# Kimberley Echidna



## longqi (Jan 5, 2013)

Echidna find rewrites natural history books

Ok all you keen herpers
Here is an interesting bit of info
Probably more chance of a herper finding one than anyone else


----------



## Renenet (Jan 5, 2013)

Interesting. Thanks for sharing the link, Longqi.


----------



## spongebob (Jan 5, 2013)

Yes this is very interesting. I wonder if there is any recent aboriginal lore on their existence?


----------



## longqi (Jan 5, 2013)

spongebob said:


> Yes this is very interesting. I wonder if there is any recent aboriginal lore on their existence?

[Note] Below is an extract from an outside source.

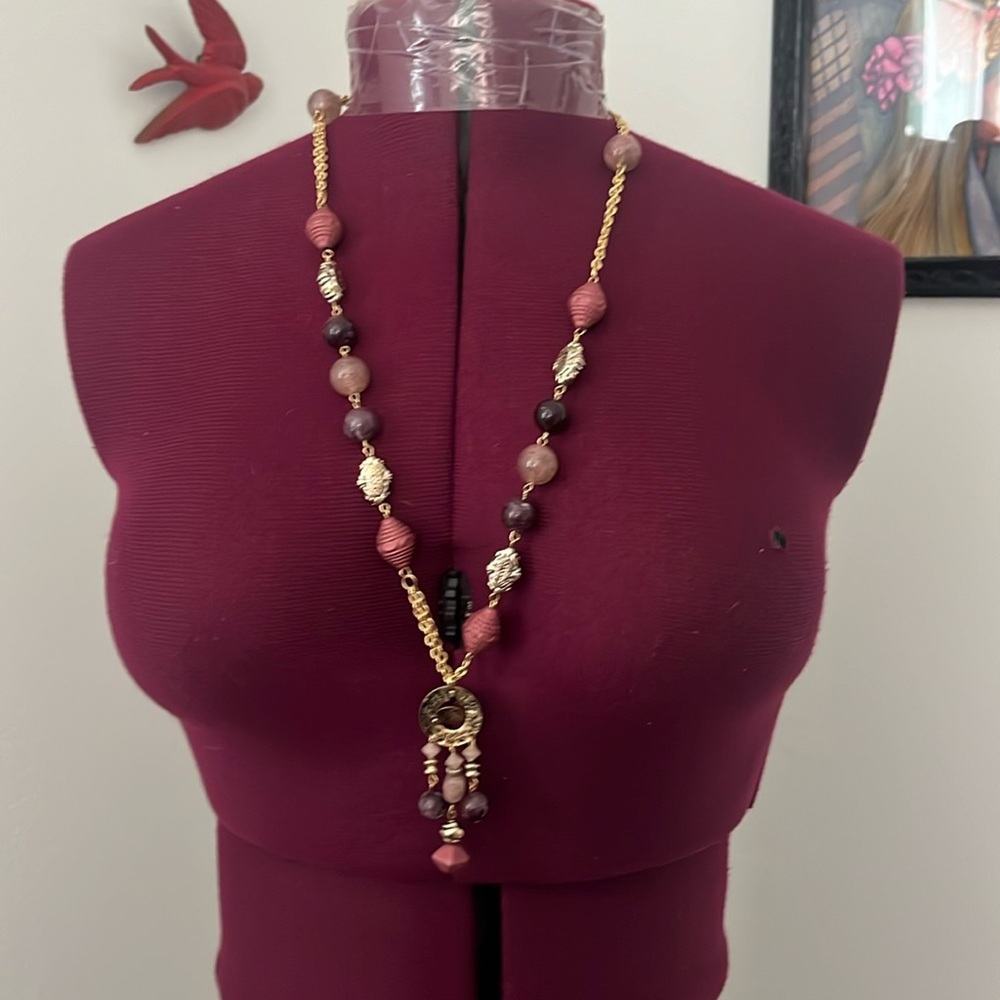 Artist made, gemstone, artsy, unique, one of a kind, tan, gold, cooper necklace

That is where any investigation would need to start

Considering the distance between Kimberleys and PNG I would would think there are probably fairly big differences
between these and the PNG ones??


----------



## SteveNT (Jan 5, 2013)

There are many paintings of long beaks in Western Arnhem (all in hematite though, indicating significant antiquity), some of the best are along the East Alligator above Cahills Crossing.

They (echidnas) are a prized gastronomic delight with Countrymen and given the differences between the Ozzy standard and the long beaks they would know if they are still around. But dont ask dont get. Look up the story of the supposedly extinct Golden Bandicoot.


----------



## Renenet (Jan 6, 2013)

Here's a link to the paper: Twentieth century occurrence of the Long-Beaked Echidna Zaglossus bruijnii in the Kimberley region of Australia - Pensoft

Will have to read it later today. They have asked the local Aboriginal people, some of whom have possible memories of this animal.


----------